Alex Salmond has become a Kremlin stooge

The Times

Alex Salmond should watch his own TV channel. One of the rare moments I have brought myself to watching the Kremlin’s global propaganda station, RT, was to see the two men alleged to have tried to kill Sergei Skripal, a Russian ex-spy, describe the real reasons behind their escapade.

The hapless Alexander Petrov and Ruslan Boshirov, as they were presented to the audience, admitted they were in Salisbury on the day concerned. The attempted assassination in March 2018, using the nerve agent novichok (the Kremlin’s weapon of choice), gave the otherwise quiet city an unwanted global reputation.

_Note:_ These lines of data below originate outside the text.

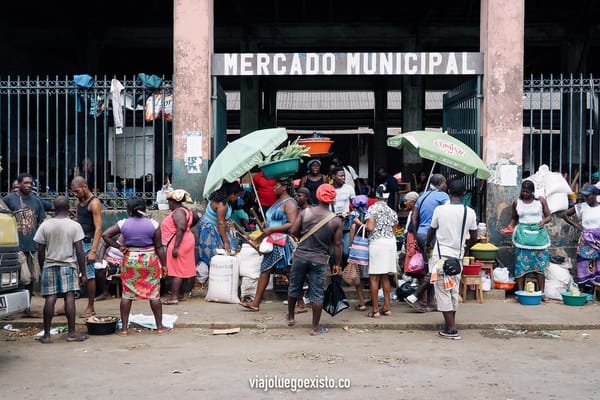 Qué ver en la colorida capital de Santo Tomé y Príncipe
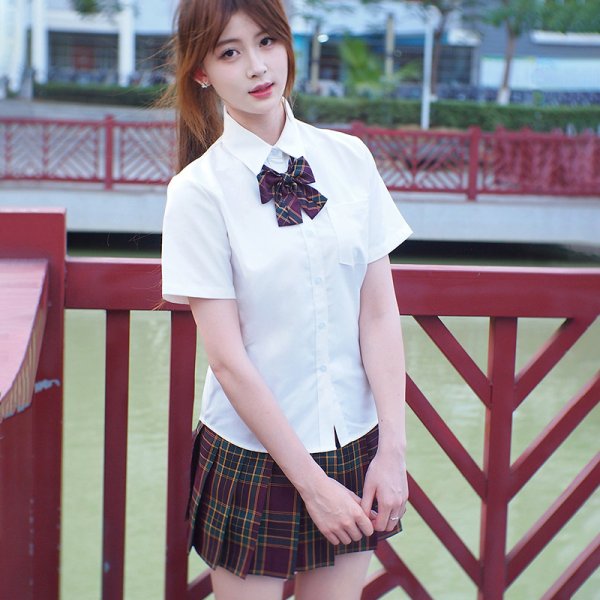 画像1: 学生セーラー服 (1)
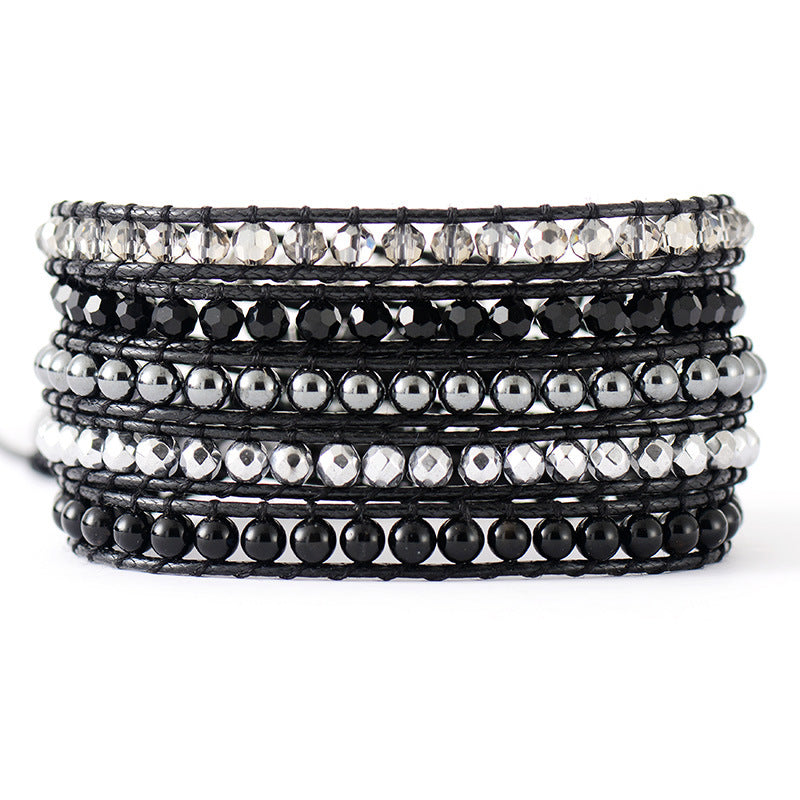 Bohemia Kristall Armband – Bild 2 | LuxeStyle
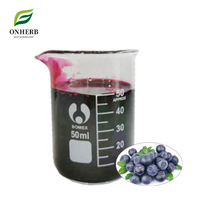 Extrait de Myrtille Naturel Concentré Liquide, Extrait de Fruit de Myrtille Liquide, Arôme de Myrtille – Approvisionnement Direct Usine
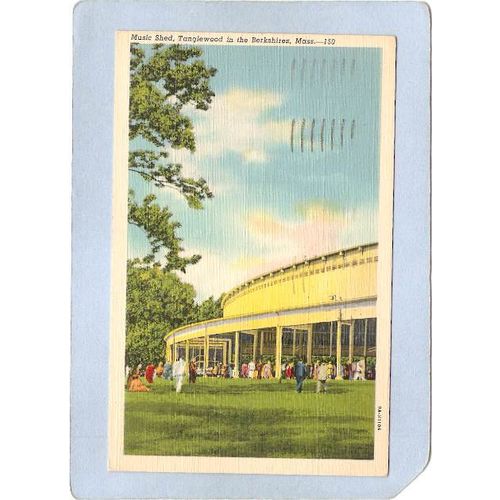 MA Berkshires Music Shed Tanglewood In The Berkshires ma_box1~186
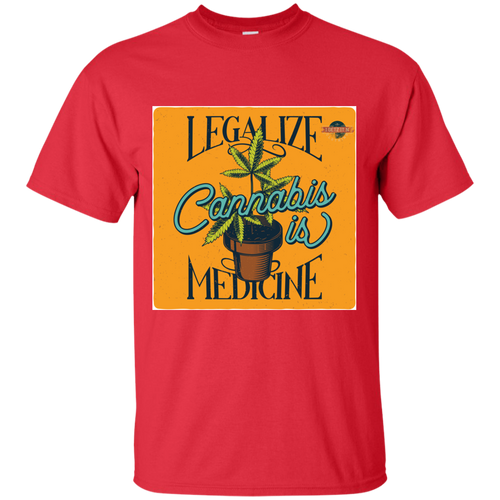 Men's legalize Cannabis T-Shirt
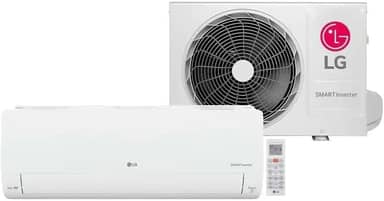 Ar Condicionado Split Smart Inverter Hi Wall LG + IA 9000 BTUs Frio S3NQ09JA31E.EB2GAM1-220V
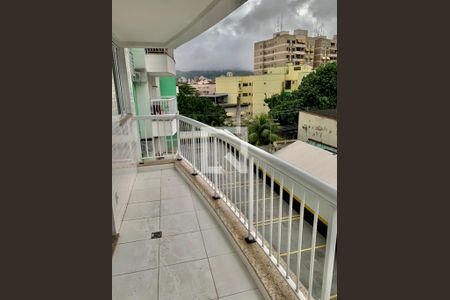 SACADA de apartamento à venda com 2 quartos, 56m² em Cachambi, Rio de Janeiro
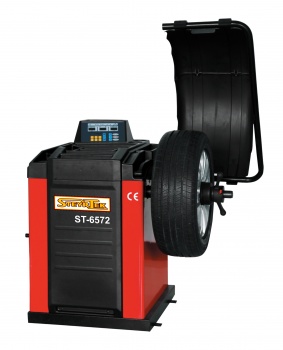 SteyrTek Tasapainotuskone ST-6572 **UUTUUS Automaattimittauksella**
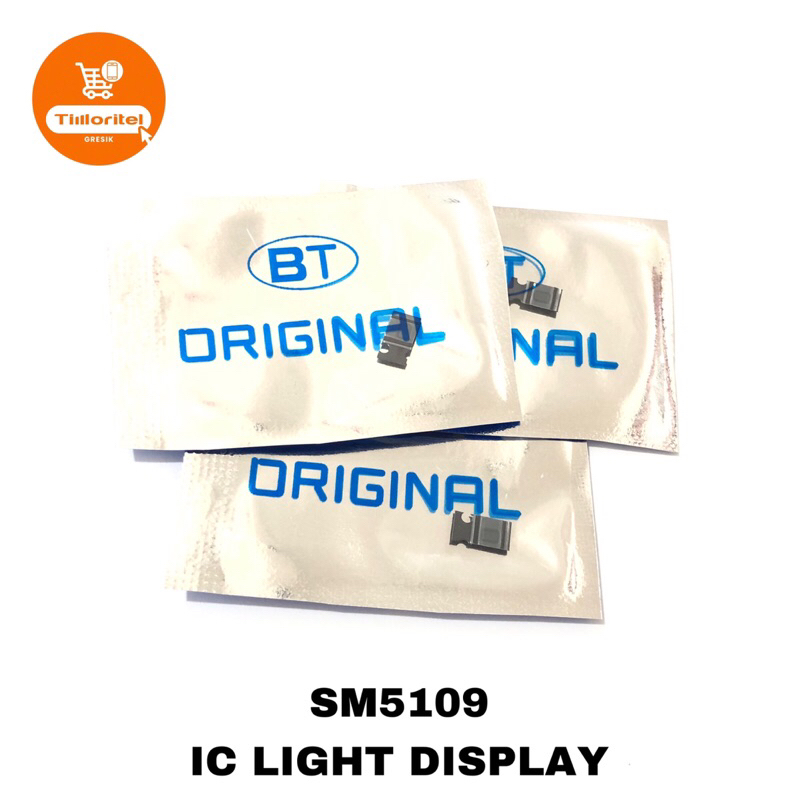 SM5109 IC LIGHT DISPLAY / IC LAMPU VIVO Y81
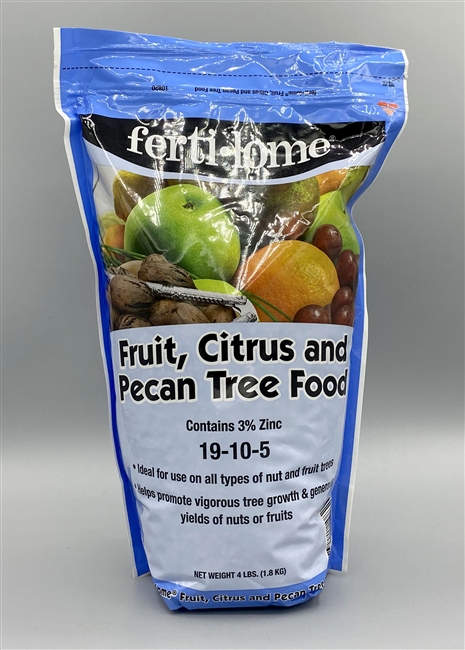 Fertilome Fruit, Citrus & Pecan Tree Food 19-10-5 4lb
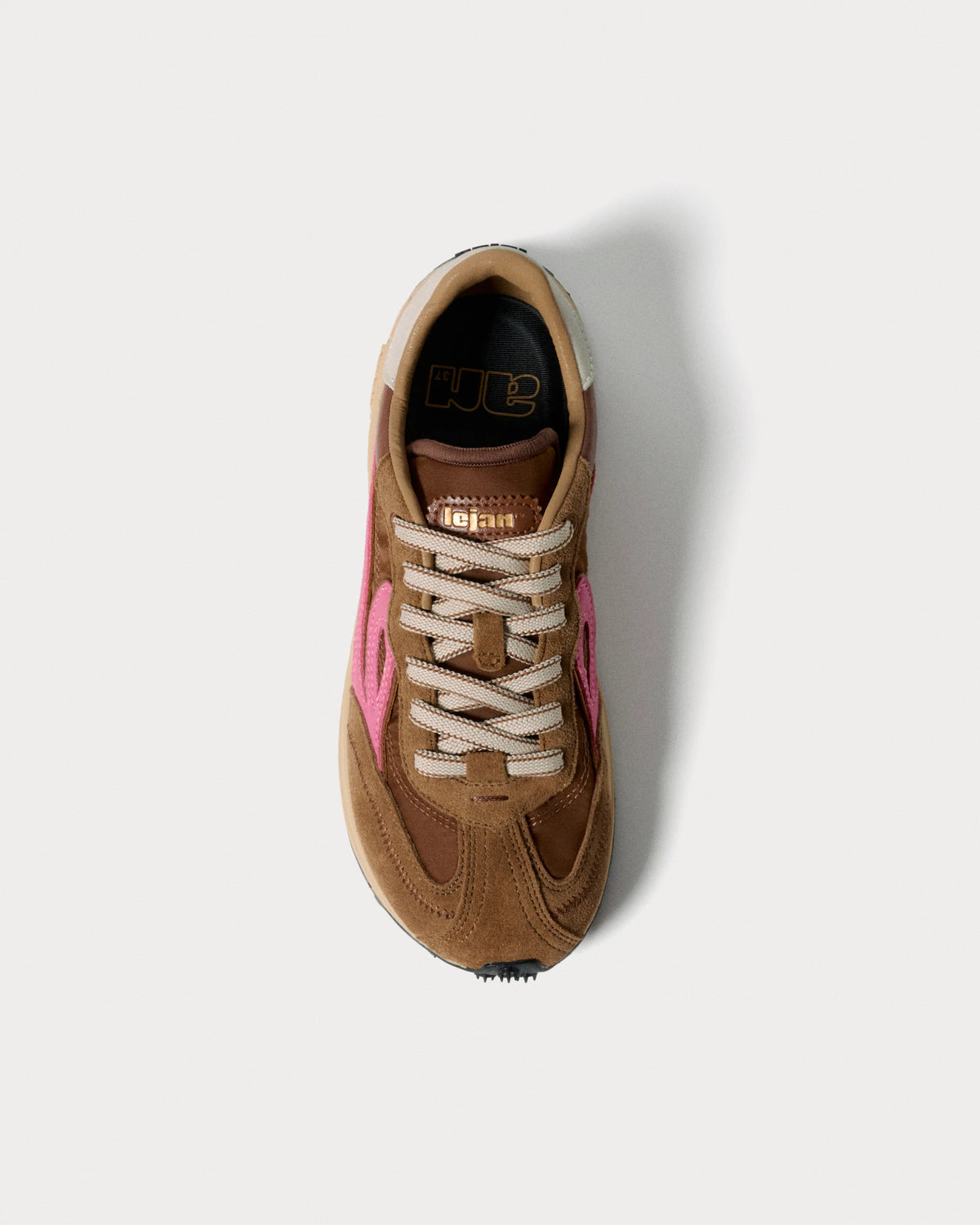 Ténis Melrose - Terra/ Electric Pink | Lejan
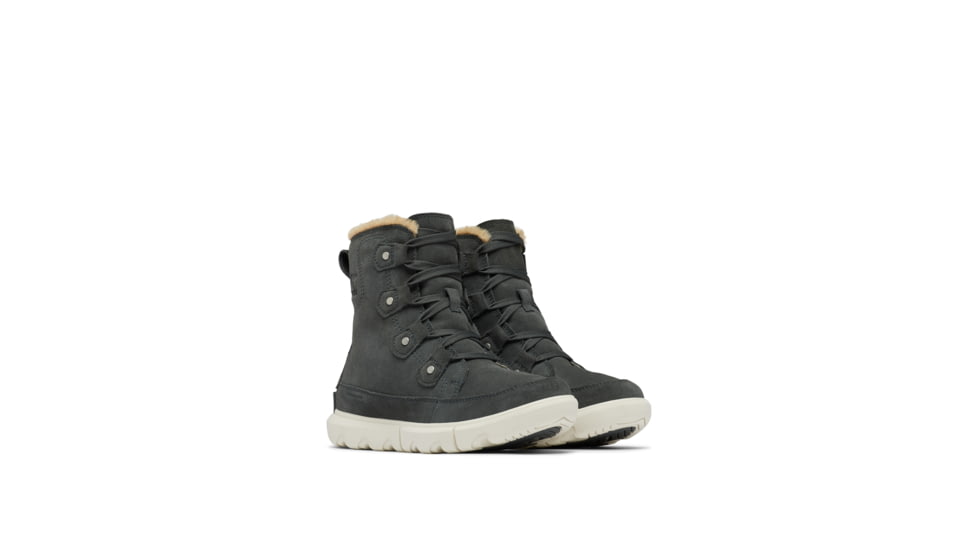 Sorel Explorer Next Joan Cozy Boots - Women's, Grill/Fawn, 10, 205887102810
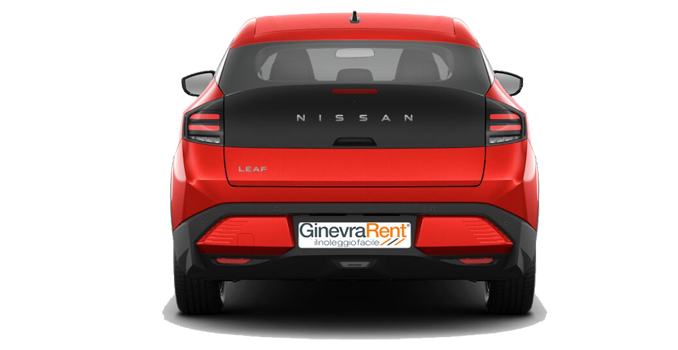 nissan leaf retro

Interviewed six months later by the editor-in-chief of RT, the slick Margarita Simonyan, the men provided the most intriguing of pretexts. Boshirov said he had long wanted to visit Salisbury Cathedral, which was “famous not just in Europe, but in the whole world. It’s famous for its 123-metre spire, it’s famous for its clock, the first one ever created in the world, which is still working”.

Alex Salmond at the launch of his chat show on Russia Today (RT) in 2017
Alex Salmond at the launch of his chat show on Russia Today (RT) in 2017
CHRIS RADBURN/PRESS ASSOCIATION

Shortly after, the investigative website Bellingcat outed “Boshirov” as a highly decorated agent of the GRU military intelligence called Anatoly Chepiga. It is still not clear why the Kremlin allowed them on to TV to provide their laughable non-denial denials. Perhaps it was to humiliate them for failing. Perhaps it was to show that Vladimir Putin doesn’t care what the world thinks.

What does this have to do with Salmond? Only that the former Scottish first minister has since 2017 had a weekly chat show on the notorious station every Thursday where, according to the official blurb, “he vows to battle the mainstream”.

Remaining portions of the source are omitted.